Die Veroneser Sekretärinnen von Julia wissen natürlich Bescheid. Alle haben „Romeo und Julia“ gelesen oder auf der Bühne gesehen und auch den Hollywood-Streifen mit Leonardo di Caprio als Romeo und Claire Danes als Julia.

Julia-Verona-Italien: Der Mythos antwortet“William Shakespeare war nie in Verona und hat unsere Stadt dennoch berühmt gemacht. Mit ‚Romeo und Julia‘ schrieb er die wohl größte Liebesgeschichte aller Zeiten, wenngleich er sie nicht einmal ersonnen hat: Luigi da Porto erfand schon 1524 die Figuren Romeo und Julia”, sagt Manuela Uber, die seit 1995 Briefe an Julia beantwortet. „Die Geschichte war so möglich, sie ist glaubhaft, jedoch nicht bewiesen. Romeo und besonders Julia wurden aber dadurch zum Mythos“, meint die 53-Jährige.

Sie ist eine der 15 Veroneserinnen, die ehrenamtlich jene 7.000 Anfragen an Shakespeares Julia beantworten, die pro Jahr eingehen.

Dazu kommen 10 helfende Botschafter in verschiedenen Ländern, darunter auch ein Romeo, der Martin heißt und in London wohnt. “Es geht um alles, von der ersten Liebe wie bei Peter, bis zur Scheidung”. Es schreiben meist junge Leute zwischen 15 und 25, aber auch Elf- und 83-Jährige .

Julia gibt seit vielen Jahren Rat

“Jeder Brief ist anders”, ergänzt Elena Marchi, 57, von Beruf Übersetzerin und viel mit nicht-italienischen Briefeschreibern beschäftigt. “Aber manchmal denke ich mir schon nach dem zweiten Satz, um was es gehen könnte.
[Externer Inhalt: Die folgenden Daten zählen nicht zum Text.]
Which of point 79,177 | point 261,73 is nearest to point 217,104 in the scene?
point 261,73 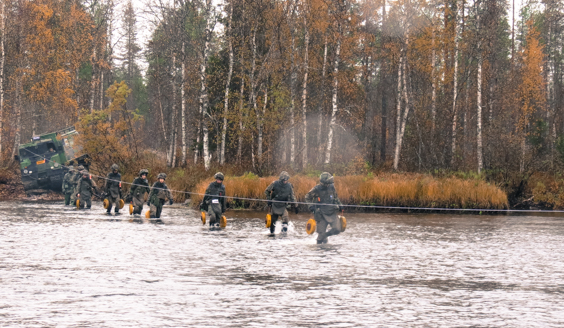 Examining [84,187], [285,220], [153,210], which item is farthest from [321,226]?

Das wird wohl die Routine sein. Ich beantworte ja schon seit 19 Jahren Briefe an Julia.”

Julia-Verona-Italien: Der Mythos antwortetSeit 1937 antwortet der Mythos. Zwei Jahre nach dem Bau des Balkons im Innenhof der Casa Giulietta, gingen erstmals Briefe an “Julia – Verona – Italien” ein. Ein Romeo namens Ettore Solimani beantwortete die Briefe in den Jahren vor dem Zweiten Weltkrieg.

Den Balkon hatte Shakespeare ja nur erfunden, wie letztlich zwei Drittel der tragischen Geschichte: Romeos Montecchi-Familie gehörte zu den Anhängern der Kaiser-Partei und Julias Familie Cappelletti zu den Papst-Anhängern. Eine politische Konstellation, die eine Liebe zwischen Julia und Romeo nicht zuließ. Und der perfekte Stoff für Shakespeare …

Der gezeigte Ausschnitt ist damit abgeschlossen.